Over spring break: Colson Whitehead’s The Nickel Boys made me cry, as did Ishiguro’s When We Were Orphans. I was knocked out by Lorrie Moore’s Anagrams and enjoyed Penelope Fitzgerald’s short, sweet, and strange The Beginning of Spring, though not as much as I fell for The Bookshop or Onshore. I listened to the audiobooks of Didion’s Blue Nights and Jacqueline Woodson’s Red at the Bone while traveling—both beautifully moving.
I finished the semester as I finished Thomas Mann’s Buddenbrooks, which I’d read in German part by part, week by week throughout the spring for a senior seminar.
During the transition from spring into summer, I reviewed a bizarre and wonderful short story collection, Kim Fu’s Lesser Known Monsters of the 21st Century. In Minnesota for a lazy couple of weeks before a busy few months, I adored Ann Patchett’s Commonwealth, my former professor Margo Jefferson’s hybrid memoir Constructing a Nervous System, and Yoko Tawada’s Scattered All Over the Earth, translated by Margaret Mitsutani.
My favorites of the summer! Duras’ The Lover. Tim O’Brien’s spine-tingling In the Lake of the Woods, which I’d wanted to read since The Things They Carried in Ms. Fitch’s tenth-grade American Lit. Kristjana Gunnars’ sensory, cinematic, autofictive collection of five novellas set across Iceland, Canada, and Germany, titled The Scent of Light deserves all the attention in the world and has become a life-long favorite—you can read a review I wrote here. Truman Capote’s haunting A Tree of Night and Other Stories, of which I found a dusty old English-language copy at a church book sale in the Netherlands. The NYRB’s The Uncollected Essays of Elizabeth Hardwick: like both gossiping with and learning from a favorite professor. Fernanda Melchor’s Paradais began a shared appreciation of (obsession with?) Fitzcarraldo Editions between my brother Alton and me. Vigdis Hjorth’s Will and Testament was brain-altering, and I can’t wait to read the newly translated Is Mother Dead as soon as possible. While studying in Kiel for a month, I discovered two new favorite German classics: Heinrich Böll’s And Never Said a Word and Anna Segher’s Transit.
At the end of August, I moved into a new apartment and started a new job, accompanied along the way by the author-narrated audiobook of David Sedaris’ Theft by Finding: Diaries 1977-2002. Over the course of one of those long and hot NYC end-of-summer weekends, I finally picked up and flew through Gabrielle Zevin’s Tomorrow, and Tomorrow, and Tomorrow.
After Annie Ernaux won the Nobel, I read my way through—from favorite to least favorite, though I enjoyed each—A Girl’s Story and Happening, A Man’s Place and A Woman’s Story, and Simple Passion—in just a couple of weeks.
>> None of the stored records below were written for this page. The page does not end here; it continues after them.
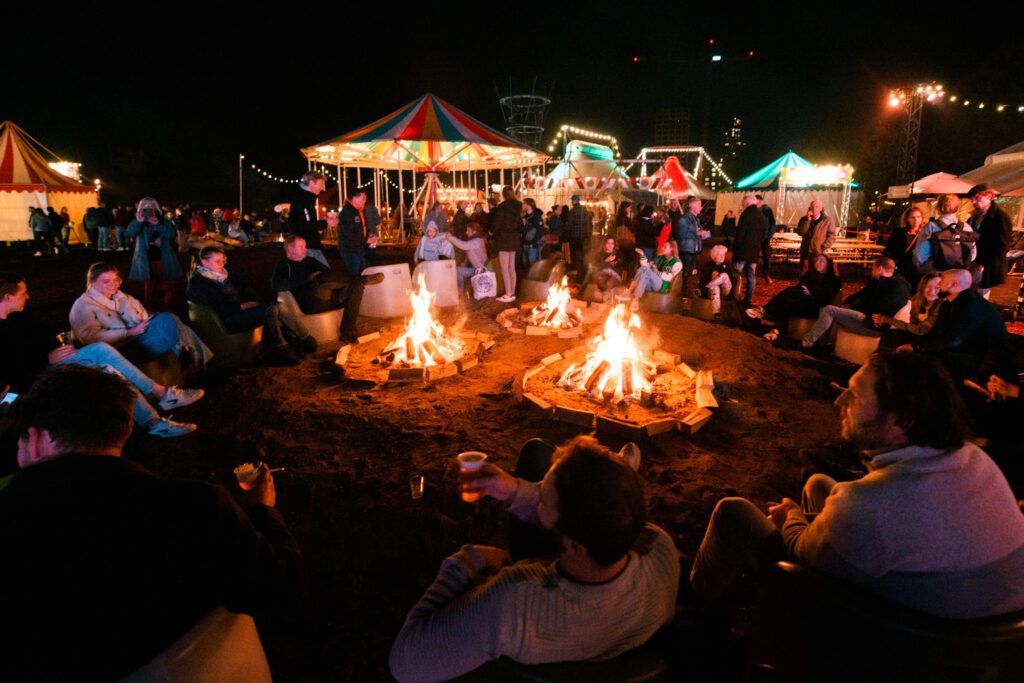 photo-of-festival-circolo-people-sitting-around-bonfire-at-night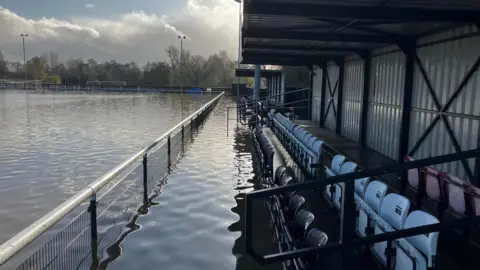 BBC A row of seats in a metal shed at Lydney Town football club's pitch, which is totally flooded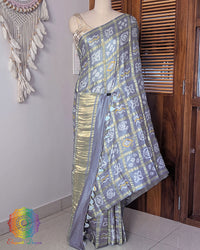 Deep grey gaji silk saree on mannequin showcasing Gharchola pattern detail
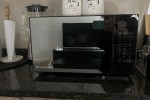 Queen bed, 2 seater couch, Single door fridge, TV stand and coffee tab...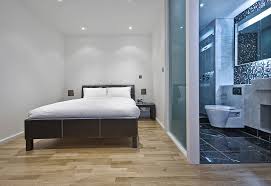 Especially in the master bedroom where designers from svoya studio decided to use glass wall panels in order to separate bedroom from the bathroom. Glass Bathroom Walls For Master Suite Separation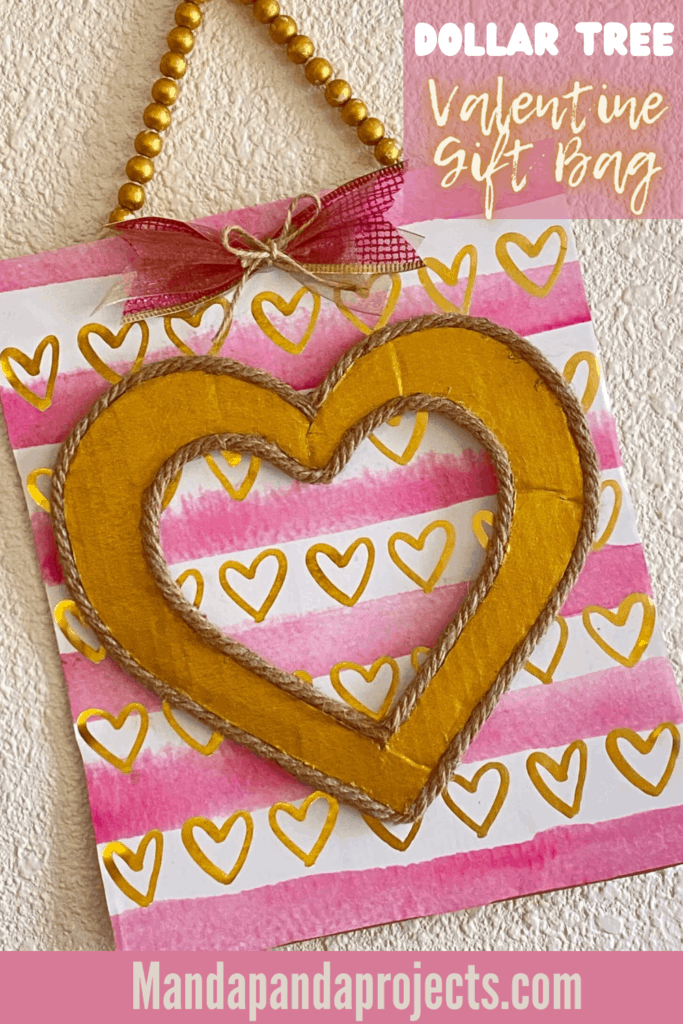 DIY Dollar Tree Pink and Gold Heart Valentine Gift Bag Sign with a gold wood bead hanger and a little bow hanging on the wall.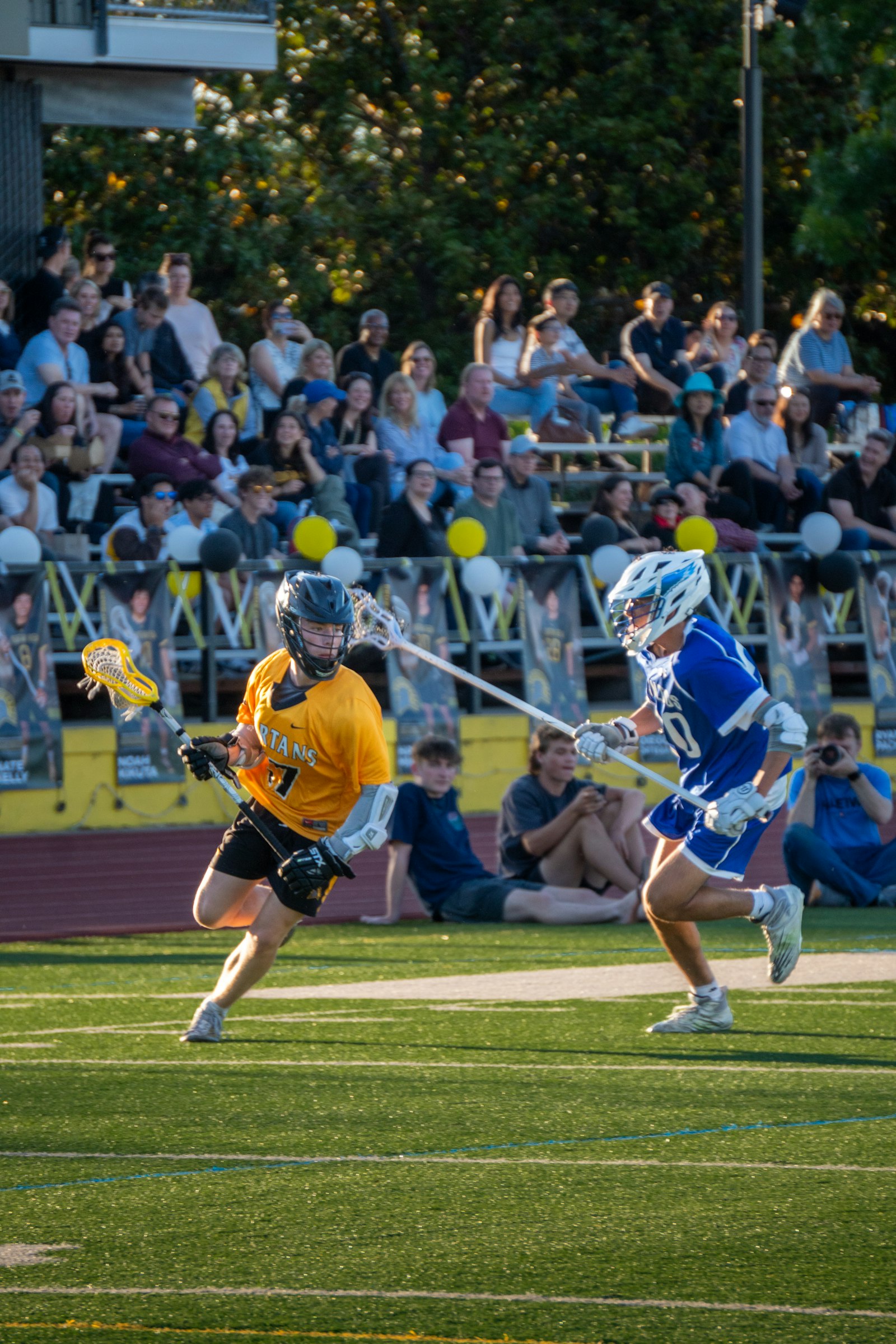 Lacrosse players competing on a field with a crowd behind them — illustrating the high sweat rates and hydration demands of lacrosse.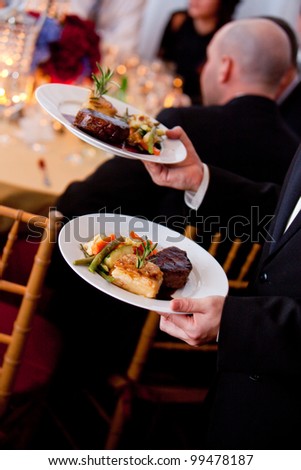 a waiter serving plates of food at a catered wedding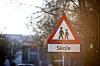 Skoleskilt med barnesymbol står foran trær.
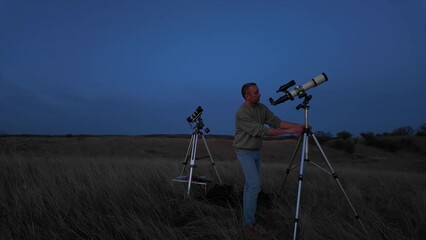 Wall Mural - amateur astronomer looking at the evening skies, observing planets, stars, moon and other celestial 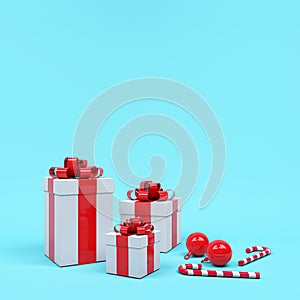 White gift box red ribbon stack among candy in blue background. Minimal Christmas concept idea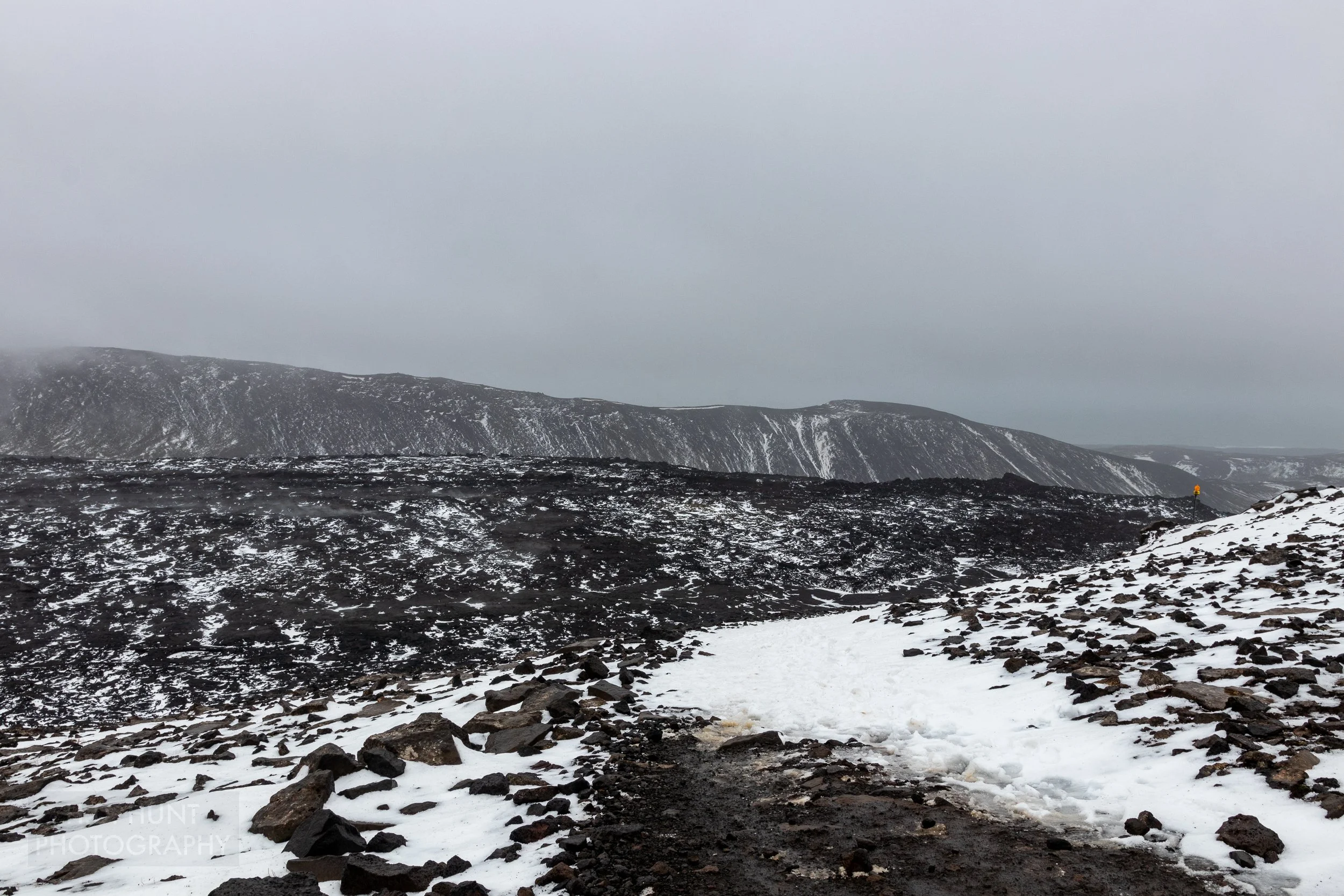A large, recent but now-solid lava flow is seen in a valley on Reykjanes Peninsula, Iceland.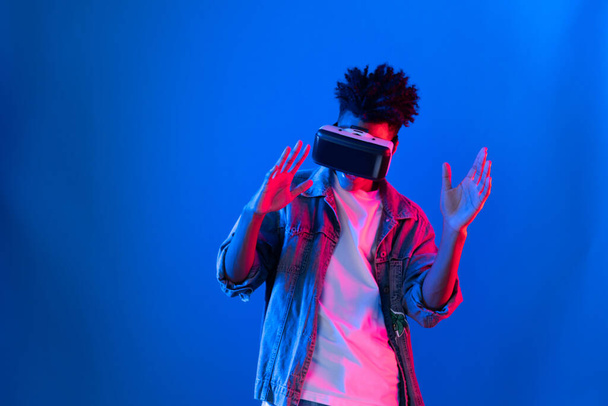 Lachende jonge Afro-Amerikaanse kijkend door VR dansen in lied met hologram gaming op roze blauwe neon muur op metaverse wereld verbinden digitale futuristische technologie virtual reality. Vooruitzichten. - Foto, afbeelding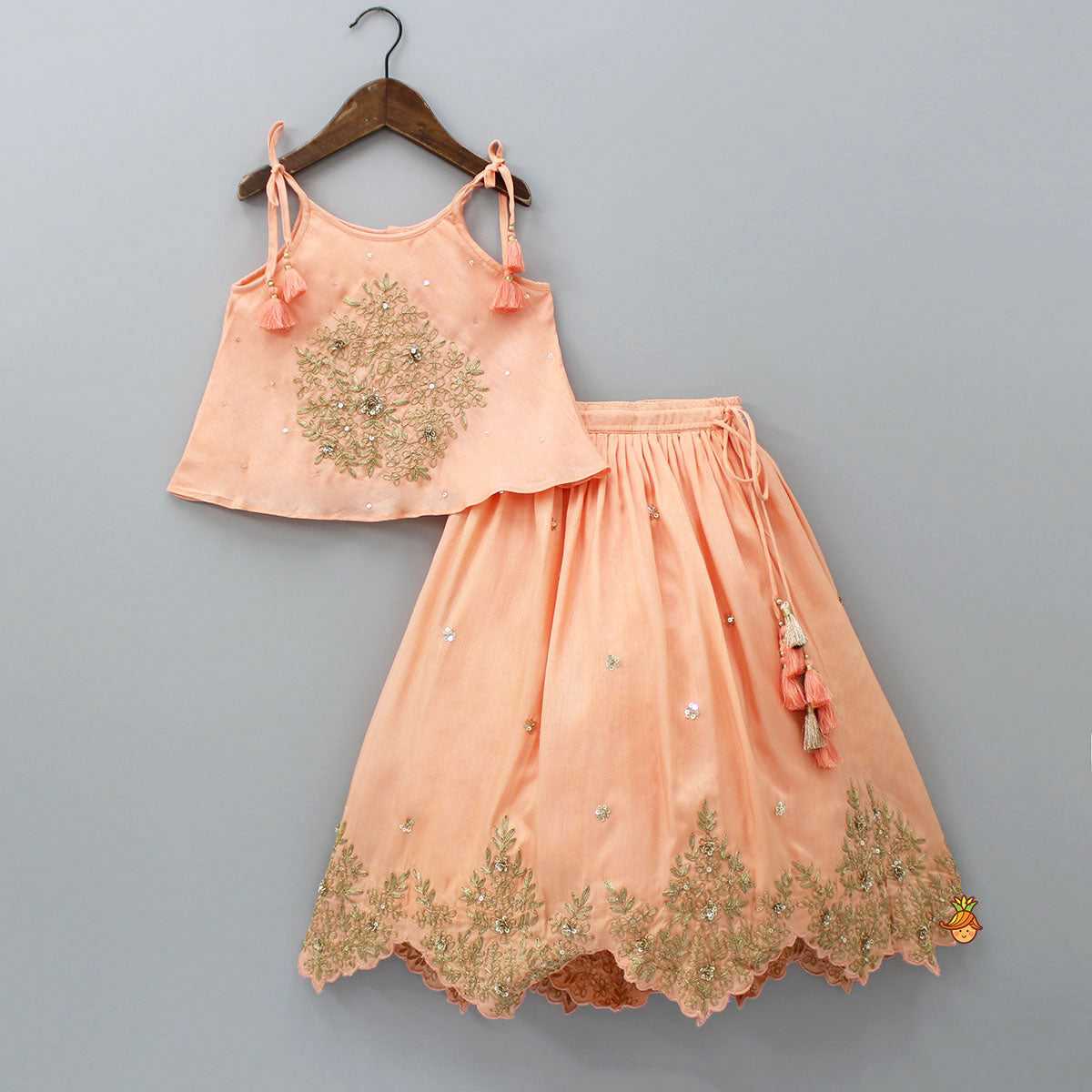 Pre Order: Embroidered Peach Tie-Up Strap Top And Pleated Lehenga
I’m looking forward to picking up The Years before long.
Inspired by watching the New York Marathon, I listened to the audiobook of Born to Run: A Hidden Tribe, Superathletes, and the Greatest Race the World Has Never Seen by Christopher McDougall and relistened to Murakami’s What I Talk About When I Talk About Running while jogging up and down the Hudson. I brought Karl Ove Knausgaard’s first installment of My Struggle along on my commute and began looking forward to early mornings on the subway. Chilean writer Alejandro Zambra’s Bonsai, over Thanksgiving, and Argentine writer Pola Oloixarac’s Mona were more memorable novellas in translation to cap off my year so far.
And now, I’m halfway through Bernardine Evaristo’s Girl, Woman, Other and wondering how it’s taken me so long to pick up a copy. Looking forward to another year of reading ahead. I always love to hear recommendations if you have any!